▶ **BRIEF**
Quote, word for word, the line containing "Stone Island Men's" and all lines that follow it to the end of the records, with no pictures.

[Stored data entries]
*** Block opens ***

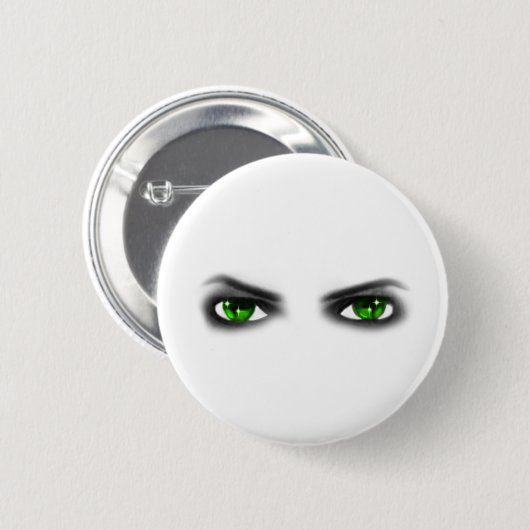Badge Rond 5 Cm Eerie Green Eyes (Devant & derrière)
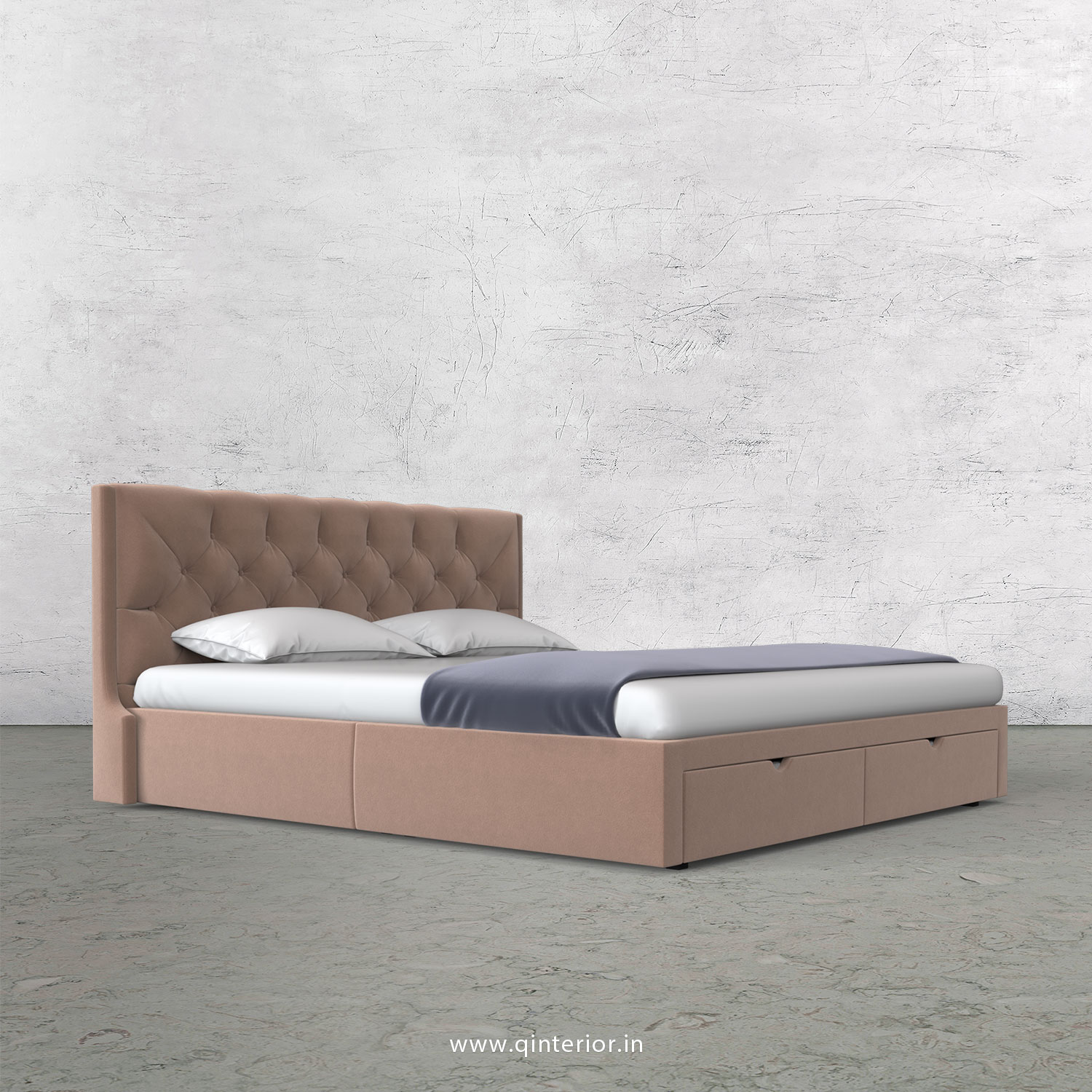Scorpius King Size Storage Bed in Velvet Fabric - KBD001 VL16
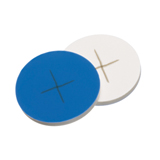 22mm slitted Septa Silicone/PTFE (white/blue), 55° shore A, 1.5mm thick, pk.1000 - "X"-Cut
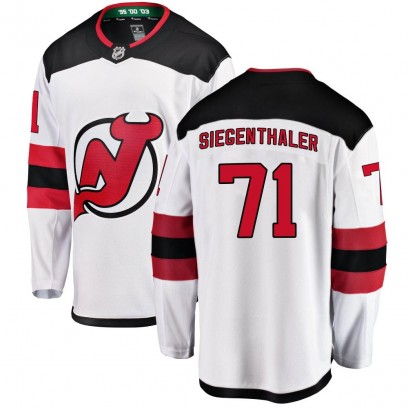 Men's Breakaway New Jersey Devils Jonas Siegenthaler Fanatics Branded Away Jersey - White
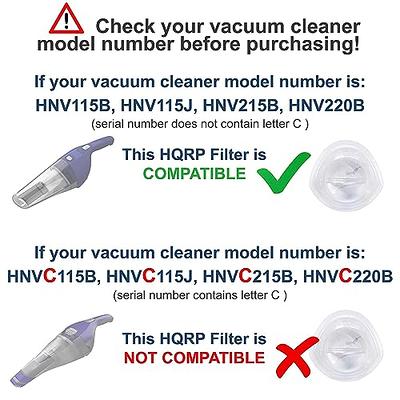 HQRP Filter for Black+Decker HNV115B, HNV115J, HNV215B, HNV220B series Hand  Vac Vacuum Cleaners, EVF100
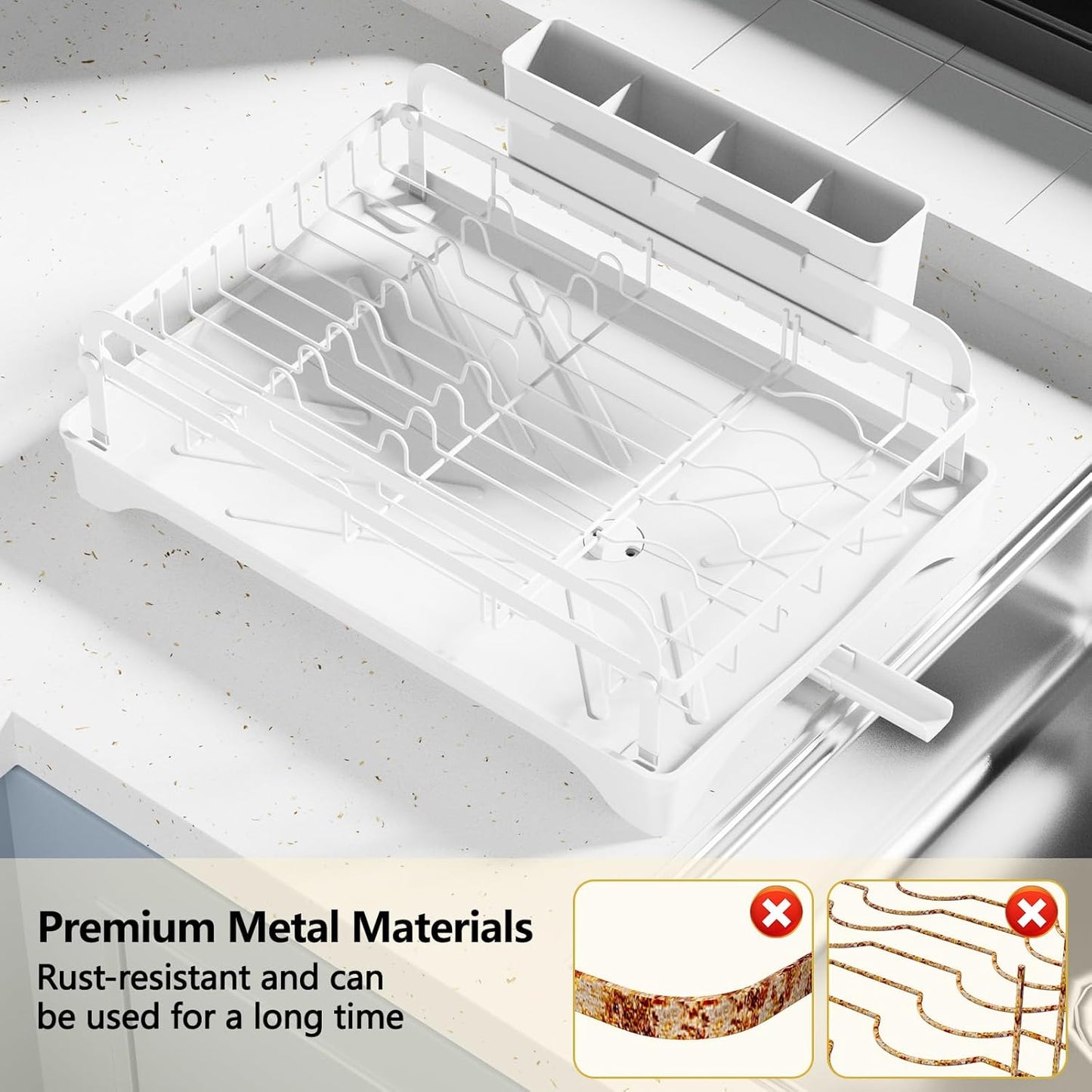 Dish Drying Rack for Kitchen Counter - Kitchen Dish Rack with Drainboard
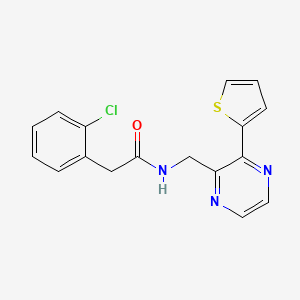 molecular formula C17H14ClN3OS B2967387 2-(2-chlorophenyl)-N-((3-(thiophen-2-yl)pyrazin-2-yl)methyl)acetamide CAS No. 2034424-68-3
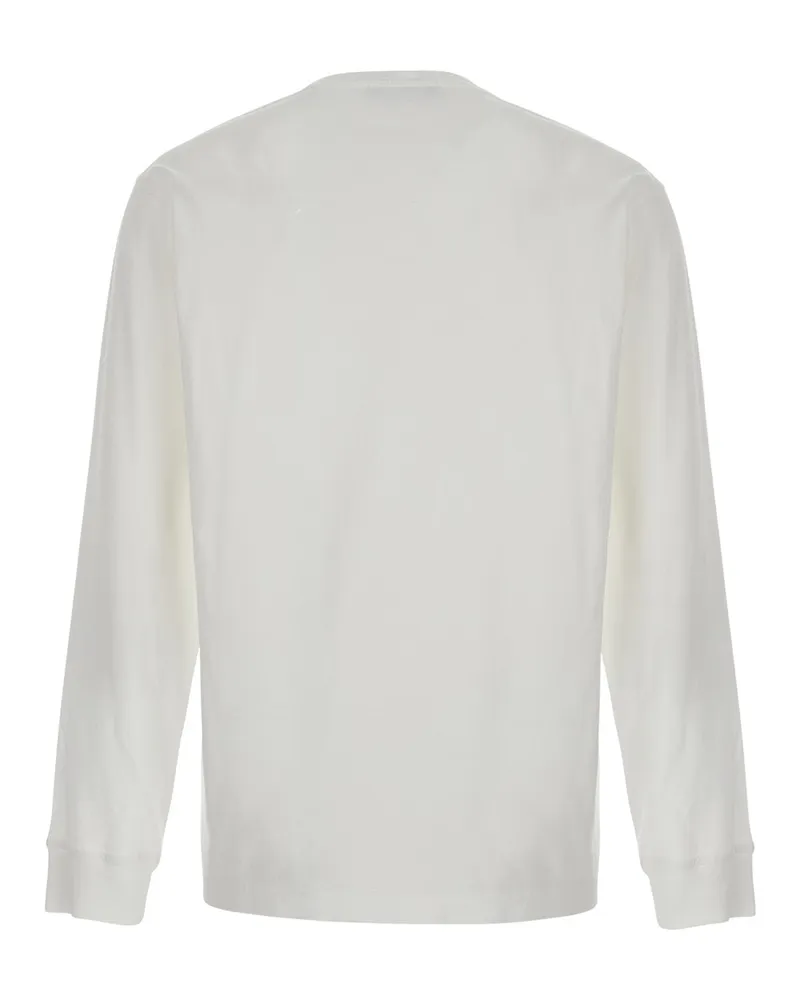 Stone Island Men's Long-Sleeved Cotton T-Shirt White T-Shirts And Polos White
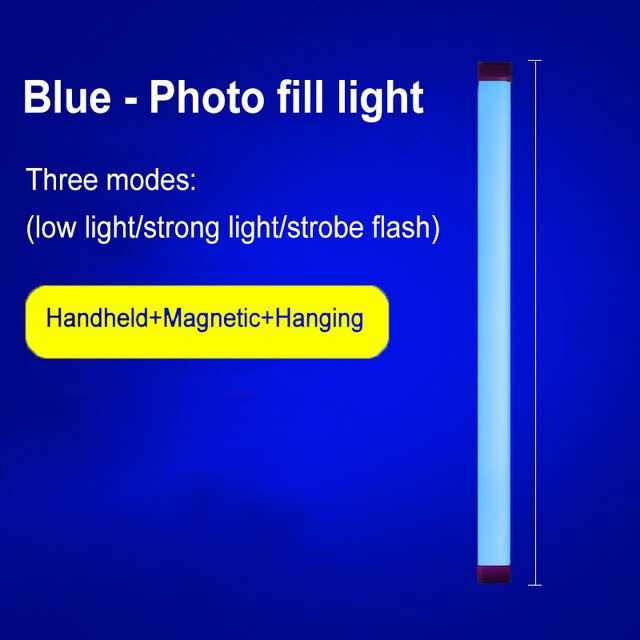 Lampu Kamera Fotografi LED Video Fill Light 32 cm Lighting Warna Biru Ungu Perlengkapan Studio Foto 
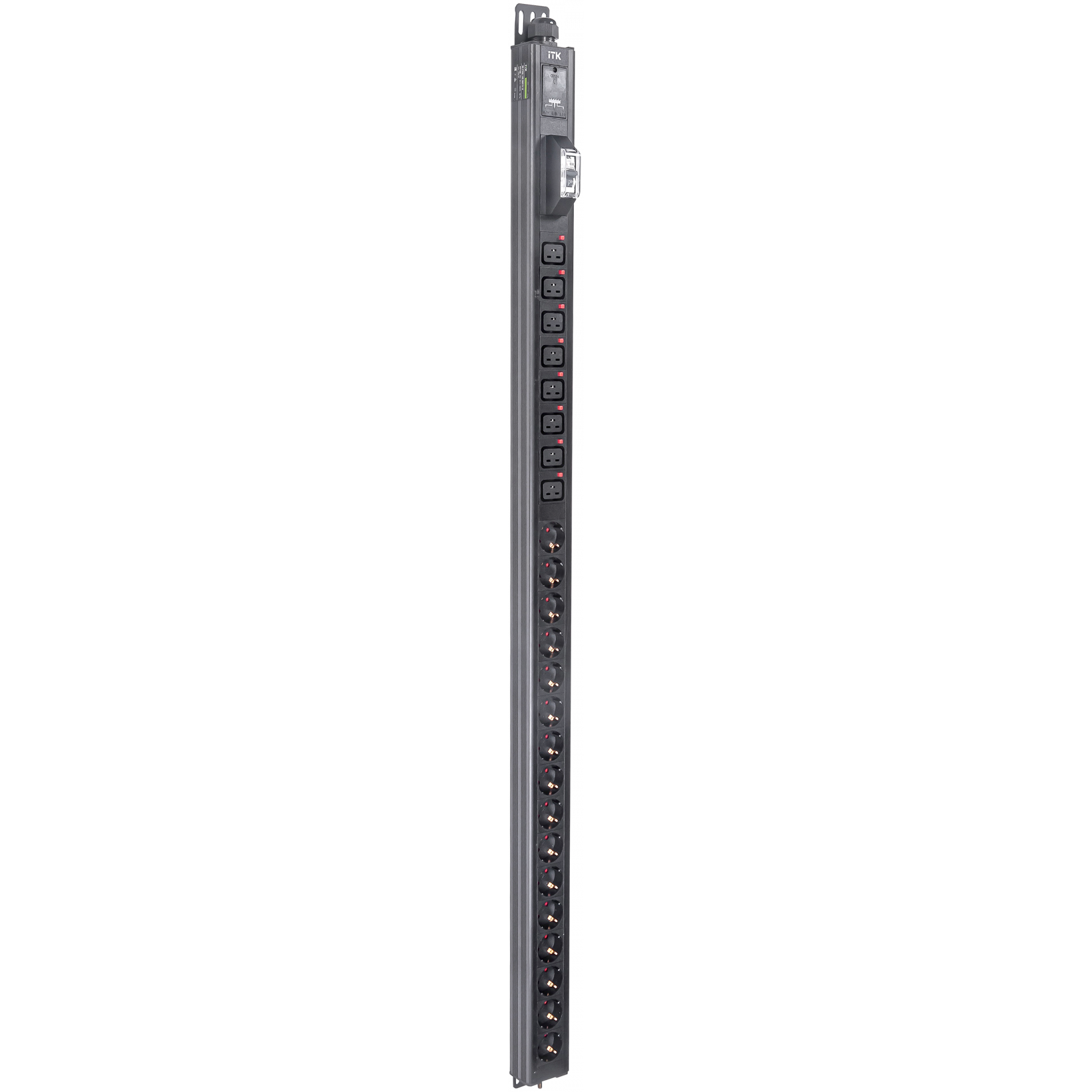 ITK BASE PDU вертикальный PV1102 30U 1 фаза 32А 16 розеток SCHUKO (немецкий стандарт) + 8 розеток C19 без кабеля с клеммной колодкой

*** Block closes ***

▶ **SOLVED EXERCISE**
 Stone Island Men's Long-Sleeved Cotton T-Shirt White T-Shirts And Polos White
 Lampu Kamera Fotografi LED Video Fill Light 32 cm Lighting Warna Biru Ungu Perlengkapan Studio Foto 
 ITK BASE PDU вертикальный PV1102 30U 1 фаза 32А 16 розеток SCHUKO (немецкий стандарт) + 8 розеток C19 без кабеля с клеммной колодкой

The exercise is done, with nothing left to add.